So apart from being a misguided, toxic douchebag, at least I’m sure he isn’t reptitive and tedious as fuck as well.

Okay. Okay. Okay. Either this guy has been trolling the right-wingers all along, or he’s lost his mind.

First, the column. Eighth-grade boy in a private school wants to attend the public high school. “…he says that he’s bored and wants to attend a bigger school that offers more in the way of classes and activities.” Parents worried because the high school is “risky” and he might “fall in with the wrong crowd.” Kid says that won’t happen. What say you, Rosey?

Of course Rosey says that the parents know best, that the kid will get into whatever kind of trouble there is to get into, but that he’ll never be persuaded to see it his parents’ way, so

Just say, “We have decided to leave you where you are. We aren’t going to explain ourselves to you because we aren’t going to argue with a 13-year-old, and we aren’t going to change our minds, but you are welcome to make us prove that to you.”…The problem is that you have already stepped into quicksand by including your son in the discussion. I just hope you’re not the sort of wimpy parents who can’t bring themselves to make their children unhappy, who are forever negotiating and compromising with the emotion-driven terrorists-in-residence because if you take my recommendation, your son is going to be unhappy. For a while, that is. And then he will snap out of it and move on.

Just a flat NO to everything. No compromise. No regard for the kid’s side of it. That’s not the 1950s in America. That’s pre-revolutionary China. Except I think this would not have happened in either era:

And then, brace yourselves for the storm of the century. But that, too, will pass.

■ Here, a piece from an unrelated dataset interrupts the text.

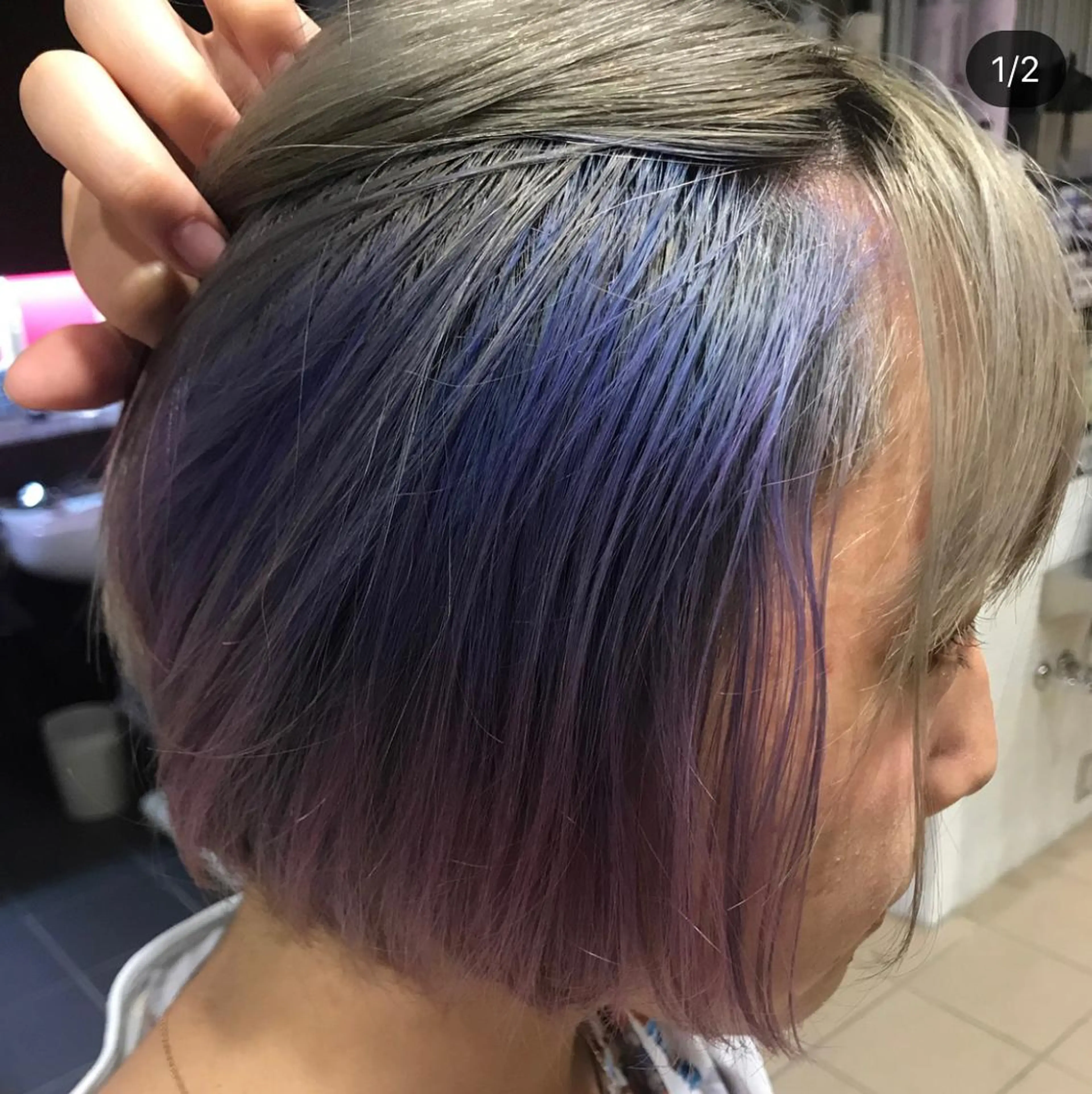 ショート カラー ブリーチ グラデーションカラー インナーカラー シルバー ヘアカラー 松戸　kiju オーナースタイリストのヘアスタイル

And it is insane that he’s always predicting that the kid will rage, scream, yell, slam doors and generally act like a mad bull…and then settle down. He encourages this entirely unhealthy behavior. And the bit about “emotion-driven terrorists-in-residence”. That is a sick, twisted view of parent-child relations, and if he really thinks that that’s a typical household (among people who don’t follow his precepts), then he’s going over the edge. Like I said upthread, I’ve heard of ministers going over the edge, convinced that the Rapture or Armageddon was going to happen any day now, or believing in Satanic conspiracies. This has the same tone.

See, it sounds to me like the kid outgrew his environment. Parents should accommodate that however they can. Okay, maybe the public school really is a wretched hive of scum and villainy. But you don’t just tell the kid he’s staying where he is and that’s it. Ask him what, specifically, interests him about the public school, and find some other way. Heck, you’re already paying for private school; find a different one, or get him into an activity outside of school. But of course, that would take time, and a lot of that time would be shared between the young man and one or both parents. Which is what makes Rosey’s head explode. Looking for a new school might bring them closer together. And then he wouldn’t fear them. And then he wouldn’t be completely under their thumb.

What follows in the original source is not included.